Some pharmaceuticals must be extremely toxic in order to function. Antineoplastic agents (the type of drug most often used in chemotherapy), for example, are designed to kill dividing cells. Some radioactive compounds are used for the same purpose.

A few drugs have other properties, unrelated to their intended action, that makes them hazardous. Nitroglycerin, for example, which causes blood vessels to dilate and can be used to treat chest pain, is also well known for its explosive properties.
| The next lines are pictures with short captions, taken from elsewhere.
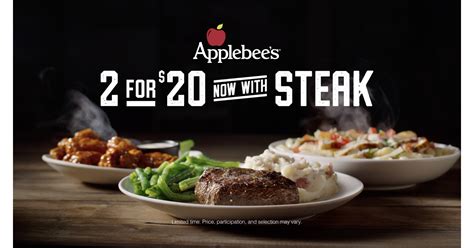 Contact information for ondrej-hrabal.eu - Feb 23, 2016 · T he Applebee's 2 for $20 Menu makes it the perfect place for date night! You and your date are both free to choose a separate entrée from a list of selections specific to the Applebee's 2 for $20 menu. Then, in order to start things out right by keeping things cozy, you together choose an appetizer, also from the Applebee's 2 for $20 menu, to ... 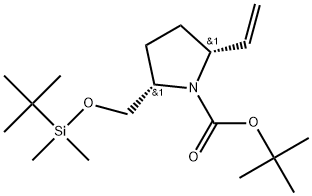 cis-1-Boc-2-(tert-butyl-dimethyl-silanyloxymethyl)-5-vinyl-pyrrolidine Structure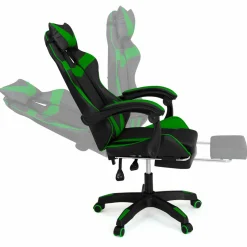 Fauteuil gamer réglable et inclinable avec repose pied et coussins noir et vert*IDMarket Clearance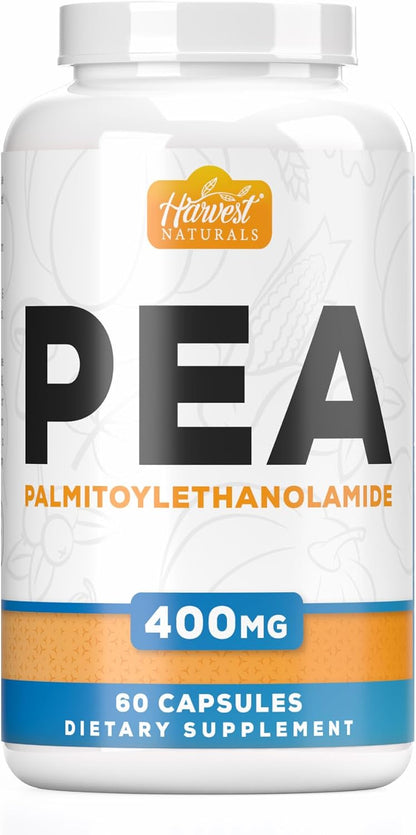 Harvest Naturals Palmitoylethanolamide (PEA) Capsules – 400mg per Serving, 180 Capsules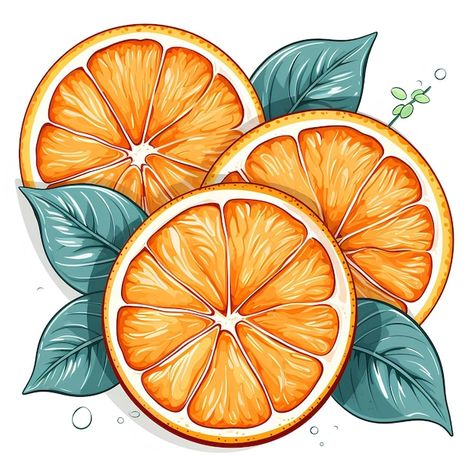 Photo illustration of sliced fruity oran... | Premium Photo #Freepik #photo Fruits Illustration Design, Orange Drawing Aesthetic, Orange Slice Drawing, Orange Drawings, Orange Fruit Illustration, Fruit Illustration Art, Orange Sketch, Lemon Tattoo, Orange Drawing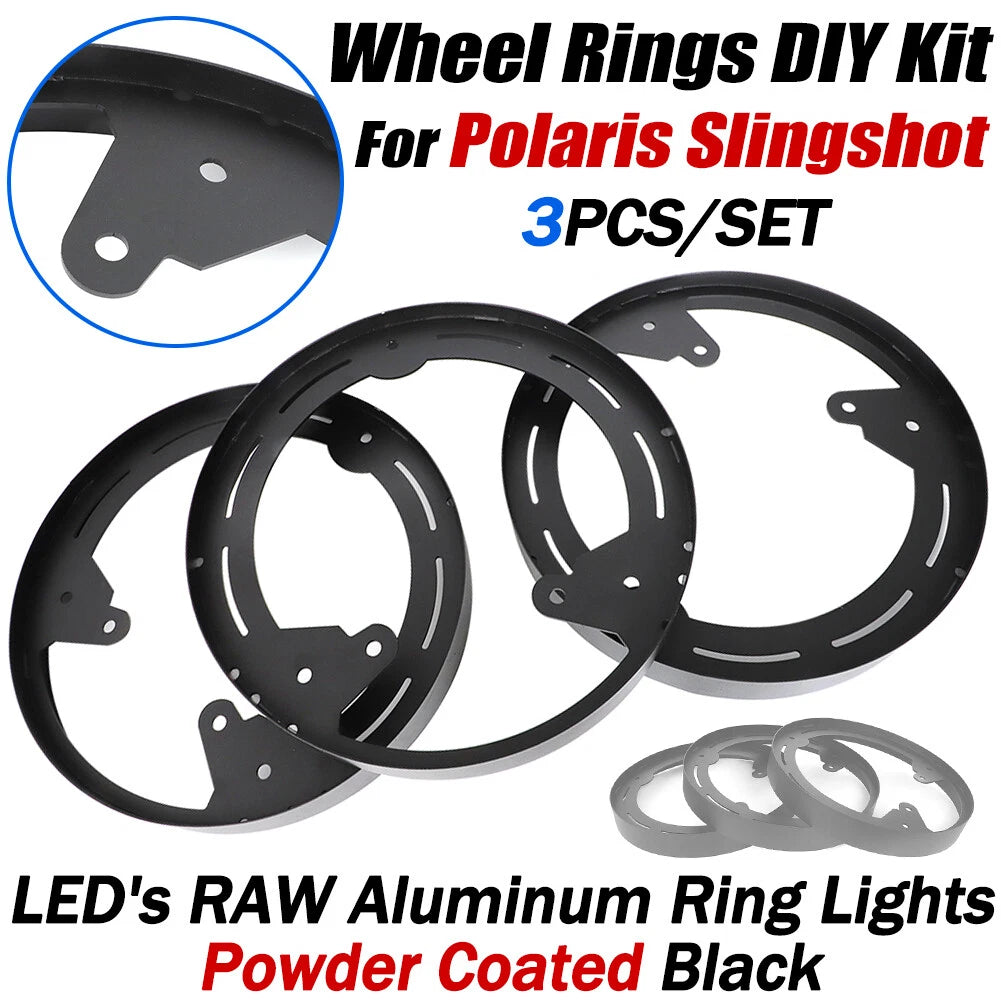 LED Wheel Rings DIY Kit for Polaris Slingshot (2015–2023) - Raw Aluminum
What is pharmaceutical waste:


Pharmaceutical waste is any waste that contains medicinal drugs that are expired, unused, contaminated damaged or no longer needed. Our waste services can help with the collection and disposal of the following:

  • Cytotoxic waste
  • Cytostatic waste
  • Pharmaceutical stock which is out of date
  • Pharmaceutical stock which is no longer required
  • Controlled drugs destruction kits
  • Recalled pharmaceutical stock
  • Pharmi bins
  • PPE waste
  • All waste associated with pharmaceutical

Risks:

Pharmaceuticals in the waste stream can pose several different types of risk. The most straightforward is that the active ingredients in a discarded drug could act on an unintended target. But other ingredients in pharmaceutical formulations can present hazards:

Preservatives and other ingredients can pose a toxicity hazard over and above the effect of the main active ingredient
Some common solvents can pose a fire hazard (ignitability)
A few compounding agents are corrosive, including strong acids with pH less than 2 (such as glacial acetic and carbolic acids) and strong bases with pH greater than 12.5 (such as sodium hydroxide)
Some compounds are radioactive, including certain chemotherapy drugs, and certain agents that are used as tracers or markers.
Risks from pharmaceuticals in healthcare facilities generally cannot be eliminated by finding substitute materials, since the risk is often inherent in the function. But the risks can be minimized and managed.